/2223-otj-10-project-python-web-scraper-YYTodorov20

2223-otj-10-project-python-web-scraper-YYTodorov20 created by GitHub Classroom

Primary LanguagePython

Website Word Sorter

The provided code is a web scraper that extracts the text content from a given URL and gives the user the option to order the words either by frequency or alphabetically.

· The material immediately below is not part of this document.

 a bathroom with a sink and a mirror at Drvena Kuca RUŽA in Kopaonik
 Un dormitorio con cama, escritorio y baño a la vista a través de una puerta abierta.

The program uses libraries such as requests and BeautifulSoup to fetch and parse the HTML content.

How it Works

The script follows these steps to count and sort the words:

  1. The count_and_order_words function retrieves the text content from a given URL, cleans it, and splits it into individual words.
  2. If the sort_by_frequency parameter is True, the function counts the occurrences of each word and returns a list of words sorted by their frequency.
  3. If sort_by_frequency is False, the function returns a list of words sorted alphabetically.
  4. The print_ordered_words function takes a list of words and prints them, along with their counts if available.
  5. The user can choose to order the words by frequency (option 1), order them alphabetically (option 2), or quit the program (option 3).
  6. Depending on the user's choice, the count_and_order_words function is called with the appropriate arguments, and the print_ordered_words function is used to display the ordered words.
  7. If an invalid choice is entered, an error message is displayed.
  8. The program continues running until the user chooses to quit.

Prerequisites

Make sure you have the following prerequisites installed before running the script:

  • Python 3 (https://www.python.org/downloads/)
  • requests library (can be installed via pip install requests)
  • BeautifulSoup library (can be installed via pip install beautifulsoup4)
  • bs4 library (can be installed via pip install bs4)

Usage

  1. Clone this repository or download the script (main.py) to your local machine.

  2. Open a terminal or command prompt and navigate to the directory where the script is located.

  3. Run the script using the following command:

    python main.py